⟨
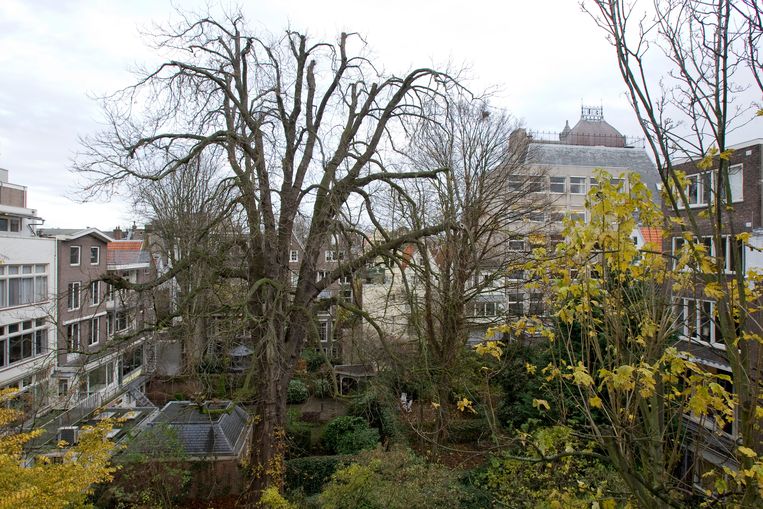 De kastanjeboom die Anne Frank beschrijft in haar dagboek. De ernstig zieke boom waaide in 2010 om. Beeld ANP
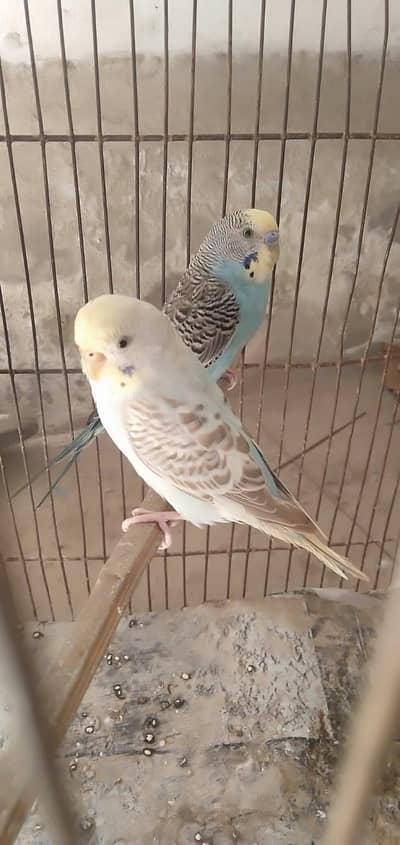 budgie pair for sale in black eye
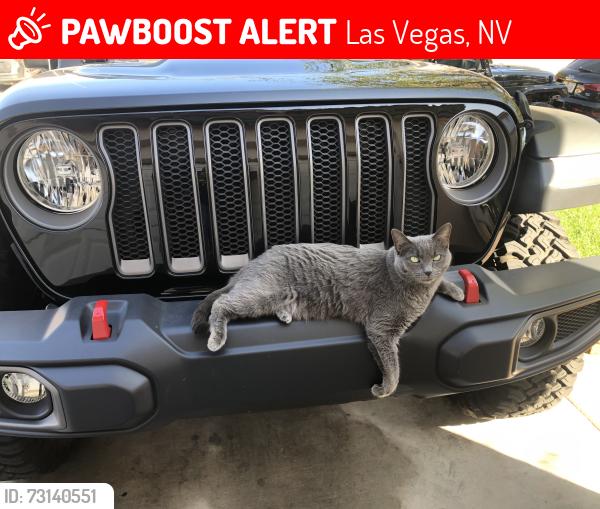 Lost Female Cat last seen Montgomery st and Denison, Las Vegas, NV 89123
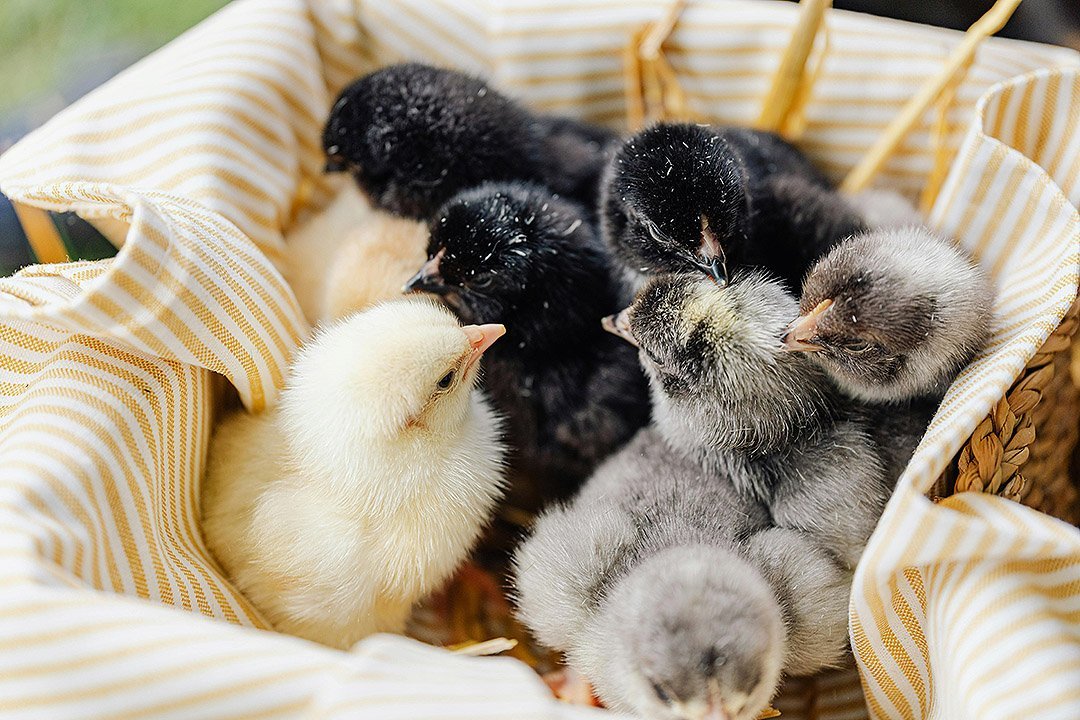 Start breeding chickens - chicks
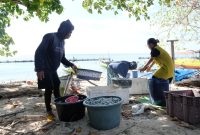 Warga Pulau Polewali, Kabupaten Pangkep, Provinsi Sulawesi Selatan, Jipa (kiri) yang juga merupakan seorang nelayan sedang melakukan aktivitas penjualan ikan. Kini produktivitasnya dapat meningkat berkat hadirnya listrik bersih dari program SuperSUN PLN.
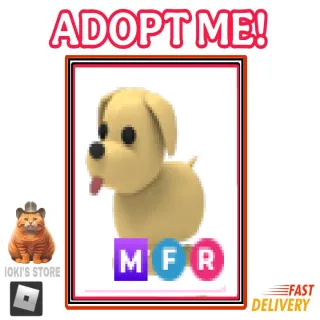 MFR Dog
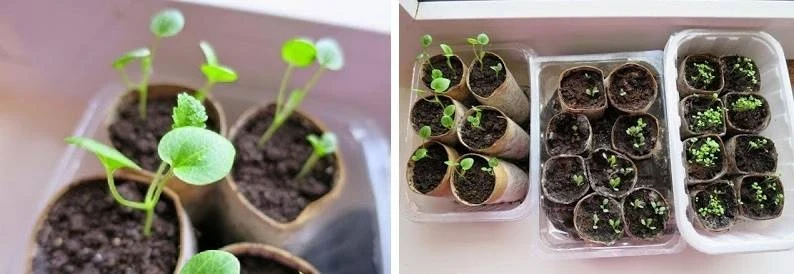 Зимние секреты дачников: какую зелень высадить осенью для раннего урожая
⟩
▸ Work to be completed
The material above should be printed again exactly, with each picture left out.

▸ Result of this exercise
 De kastanjeboom die Anne Frank beschrijft in haar dagboek. De ernstig zieke boom waaide in 2010 om. Beeld ANP
 budgie pair for sale in black eye
 Lost Female Cat last seen Montgomery st and Denison, Las Vegas, NV 89123
 Start breeding chickens - chicks
 Warga Pulau Polewali, Kabupaten Pangkep, Provinsi Sulawesi Selatan, Jipa (kiri) yang juga merupakan seorang nelayan sedang melakukan aktivitas penjualan ikan. Kini produktivitasnya dapat meningkat berkat hadirnya listrik bersih dari program SuperSUN PLN.
 MFR Dog
 Зимние секреты дачников: какую зелень высадить осенью для раннего урожая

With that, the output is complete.